Nothing but the records, repeated exactly, should form the response.

## DATA SUPPLIED
=== Section Start ===

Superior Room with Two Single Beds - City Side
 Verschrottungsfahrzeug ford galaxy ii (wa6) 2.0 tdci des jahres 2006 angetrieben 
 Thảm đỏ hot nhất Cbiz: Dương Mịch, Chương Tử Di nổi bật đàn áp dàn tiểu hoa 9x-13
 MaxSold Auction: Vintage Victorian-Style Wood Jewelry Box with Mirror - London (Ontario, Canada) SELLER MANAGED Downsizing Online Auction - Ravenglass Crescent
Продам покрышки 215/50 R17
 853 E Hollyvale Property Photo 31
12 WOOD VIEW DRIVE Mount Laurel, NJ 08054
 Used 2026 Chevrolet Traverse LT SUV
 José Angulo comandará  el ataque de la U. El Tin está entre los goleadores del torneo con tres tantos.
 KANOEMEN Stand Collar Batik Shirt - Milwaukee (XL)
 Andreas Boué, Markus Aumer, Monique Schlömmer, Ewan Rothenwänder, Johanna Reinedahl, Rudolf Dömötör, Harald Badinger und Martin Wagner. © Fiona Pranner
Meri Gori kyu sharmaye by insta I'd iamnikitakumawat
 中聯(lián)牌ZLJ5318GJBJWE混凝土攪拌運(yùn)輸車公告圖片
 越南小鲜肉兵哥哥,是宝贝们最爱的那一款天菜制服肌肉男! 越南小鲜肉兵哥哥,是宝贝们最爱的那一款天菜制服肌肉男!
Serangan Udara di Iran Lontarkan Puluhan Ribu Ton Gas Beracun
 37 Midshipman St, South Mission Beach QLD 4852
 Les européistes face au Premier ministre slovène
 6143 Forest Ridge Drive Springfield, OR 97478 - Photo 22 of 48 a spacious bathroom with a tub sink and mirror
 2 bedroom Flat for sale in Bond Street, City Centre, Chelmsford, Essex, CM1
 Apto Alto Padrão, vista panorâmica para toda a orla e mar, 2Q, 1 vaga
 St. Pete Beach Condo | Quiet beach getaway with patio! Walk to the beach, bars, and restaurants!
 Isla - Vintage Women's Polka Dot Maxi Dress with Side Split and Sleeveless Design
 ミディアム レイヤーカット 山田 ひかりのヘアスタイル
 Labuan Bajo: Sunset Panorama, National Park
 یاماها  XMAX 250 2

=== Section End ===

## ANSWER TO THIS PROBLEM
Superior Room with Two Single Beds - City Side
 Verschrottungsfahrzeug ford galaxy ii (wa6) 2.0 tdci des jahres 2006 angetrieben 
 Thảm đỏ hot nhất Cbiz: Dương Mịch, Chương Tử Di nổi bật đàn áp dàn tiểu hoa 9x-13
 MaxSold Auction: Vintage Victorian-Style Wood Jewelry Box with Mirror - London (Ontario, Canada) SELLER MANAGED Downsizing Online Auction - Ravenglass Crescent
Продам покрышки 215/50 R17
 853 E Hollyvale Property Photo 31
12 WOOD VIEW DRIVE Mount Laurel, NJ 08054
 Used 2026 Chevrolet Traverse LT SUV
 José Angulo comandará  el ataque de la U. El Tin está entre los goleadores del torneo con tres tantos.
 KANOEMEN Stand Collar Batik Shirt - Milwaukee (XL)
 Andreas Boué, Markus Aumer, Monique Schlömmer, Ewan Rothenwänder, Johanna Reinedahl, Rudolf Dömötör, Harald Badinger und Martin Wagner. © Fiona Pranner
Meri Gori kyu sharmaye by insta I'd iamnikitakumawat
 中聯(lián)牌ZLJ5318GJBJWE混凝土攪拌運(yùn)輸車公告圖片
 越南小鲜肉兵哥哥,是宝贝们最爱的那一款天菜制服肌肉男! 越南小鲜肉兵哥哥,是宝贝们最爱的那一款天菜制服肌肉男!
Serangan Udara di Iran Lontarkan Puluhan Ribu Ton Gas Beracun
 37 Midshipman St, South Mission Beach QLD 4852
 Les européistes face au Premier ministre slovène
 6143 Forest Ridge Drive Springfield, OR 97478 - Photo 22 of 48 a spacious bathroom with a tub sink and mirror
 2 bedroom Flat for sale in Bond Street, City Centre, Chelmsford, Essex, CM1
 Apto Alto Padrão, vista panorâmica para toda a orla e mar, 2Q, 1 vaga
 St. Pete Beach Condo | Quiet beach getaway with patio! Walk to the beach, bars, and restaurants!
 Isla - Vintage Women's Polka Dot Maxi Dress with Side Split and Sleeveless Design
 ミディアム レイヤーカット 山田 ひかりのヘアスタイル
 Labuan Bajo: Sunset Panorama, National Park
 یاماها  XMAX 250 2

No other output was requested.